Según se anunció oficialmente, hoy serán aprobadas las tres leyes militares y de seguridad que le permitirán a Daniel Ortega fortalecer legalmente el régimen seudodemocrático y autoritario que ha venido imponiendo desde que volvió a tomar posesión de la Presidencia de Nicaragua, en enero de 2007.
Algunos diputados de oposición que dicen ser democráticos, han maquillado las leyes militaristas y de seguridad junto con los legisladores orteguistas y los asesores castrenses, dejándoles lo esencial de su sentido y propósitos. Según ellos, con las modificaciones que “lograron” hacer a los proyectos propuestos por Ortega, ya no hay peligro de que sirvan para restablecer el reclutamiento militar forzoso ni para imponer el espionaje político. Olvidan o fingen olvidar esos diputados de supuesta oposición, que una cosa es lo que dice la ley —inclusive la Constitución— y otra muy diferente y al contrario es la interpretación que hace Daniel Ortega con el fin de fortalecer su plan para restablecer la dictadura en Nicaragua, adecuada a las nuevas condiciones del siglo 21.
En realidad, resulta fácil comprender que si Daniel Ortega no ha tenido escrúpulos para socavar las instituciones civiles y manipular la Constitución y las leyes, a fin de allanar el camino a su objetivo supremo de reelegirse en la Presidencia, perpetuarse en el poder y restaurar la dictadura, entonces ¿por qué no habría de desvirtuar también a las instituciones armadas y manipular las leyes militares, independientemente de lo que digan de manera literaria y formal?
No cabe ninguna duda de que durante el período de la democracia, o sea de 1990 a 2006, el Ejército y la Policía avanzaron notablemente en un proceso de institucionalización, profesionalización, despolitización y despartidarización, de acuerdo con lo que fue consignado en la Constitución, mediante la reforma democrática de 1995, como norma esencial para las fuerzas armadas. Sin embargo, esa situación cambió bruscamente cuando Daniel Ortega recuperó el poder presidencial y comenzó a avasallar y a controlar todos los poderes e instituciones del Estado.
El día que comenzó a cambiar la historia del Ejército, lo mismo que de la Policía, fue el 10 de enero de 2007, cuando Ortega tomó posesión de la Presidencia de la República después que, gracias al pacto con Arnoldo Alemán, ganó la elección de noviembre de 2006 con sólo el 38 por ciento de los votos escrutados; aparte de que unos 200 mil sufragios fueron ocultados por el Consejo Supremo Electoral, seguramente para evitar cualquier posibilidad de que hubiera una segunda ronda electoral que el caudillo del FSLN jamás habría podido ganar.
Aquel 10 de enero de 2007, después de tomar posesión de la Presidencia de la República, Daniel Ortega juramentó la lealtad de los mandos superiores de la Policía y del Ejército.
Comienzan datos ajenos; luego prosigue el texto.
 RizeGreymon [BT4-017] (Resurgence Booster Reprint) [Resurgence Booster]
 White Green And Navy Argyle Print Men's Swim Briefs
A los jefes policiales Ortega les dijo: “Vamos a juramentar a nuestros hermanos policías, sumando a todas las mujeres y varones policías, que vienen de las raíces más profundas de las luchas heroicas del pueblo nicaragüense, que vienen del 19 de julio de 1979”. Y al tomar el juramento de lealtad de los altos mandos militares, el caudillo sandinista les expresó: “Los hermanos del Ejército Nacional, sus raíces están en la histórica Batalla de San Jacinto, cuyas raíces están en la defensa de la soberanía nacional de Benjamín Zeledón, de nuestro General de Hombres Libres Augusto C. Sandino, y cuyas raíces están en la práctica combativa que llevó a la liberación de nuestra patria el 19 de julio de 1979”.
Es obvio que al recordarles a los jefes de la Policía y del Ejército sus orígenes revolucionarios sandinistas, que esos cuerpos uniformados surgieron y se formaron no como instituciones nacionales, profesionales, apolíticas y apartidistas, sino como brazos armados del partido FSLN, Daniel Ortega les estaba comunicando que en aquel momento terminaban las vacaciones de la democracia “burguesa”. Para Ortega había llegado la hora de que, de una u otra manera y al ritmo que determinaran las circunstancias, las fuerzas armadas volvieran a ser lo que fueron en sus orígenes, a servir al partido o, ahora peor todavía, a los objetivos de una persona, del caudillo del Frente Sandinista que es el mismo Ortega y no puede serlo nadie más.
Y por supuesto que con opositores como los que en la Asamblea Nacional están colaborando en la aprobación de las leyes militaristas y de seguridad, Daniel Ortega no ha tenido mayores dificultades para alcanzar poco a poco sus propósitos, como en efecto y desgraciadamente los está alcanzando.